_Data segment:_
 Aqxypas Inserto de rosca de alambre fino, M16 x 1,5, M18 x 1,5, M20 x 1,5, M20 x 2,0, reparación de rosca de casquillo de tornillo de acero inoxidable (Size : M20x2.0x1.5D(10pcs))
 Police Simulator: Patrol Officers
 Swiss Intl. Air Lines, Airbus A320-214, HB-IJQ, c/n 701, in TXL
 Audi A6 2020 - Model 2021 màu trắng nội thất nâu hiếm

_Requirement:_ Give back the listing above exactly as written.

_Answer for this exercise:_
 Aqxypas Inserto de rosca de alambre fino, M16 x 1,5, M18 x 1,5, M20 x 1,5, M20 x 2,0, reparación de rosca de casquillo de tornillo de acero inoxidable (Size : M20x2.0x1.5D(10pcs))
 Police Simulator: Patrol Officers
 Swiss Intl. Air Lines, Airbus A320-214, HB-IJQ, c/n 701, in TXL
 Audi A6 2020 - Model 2021 màu trắng nội thất nâu hiếm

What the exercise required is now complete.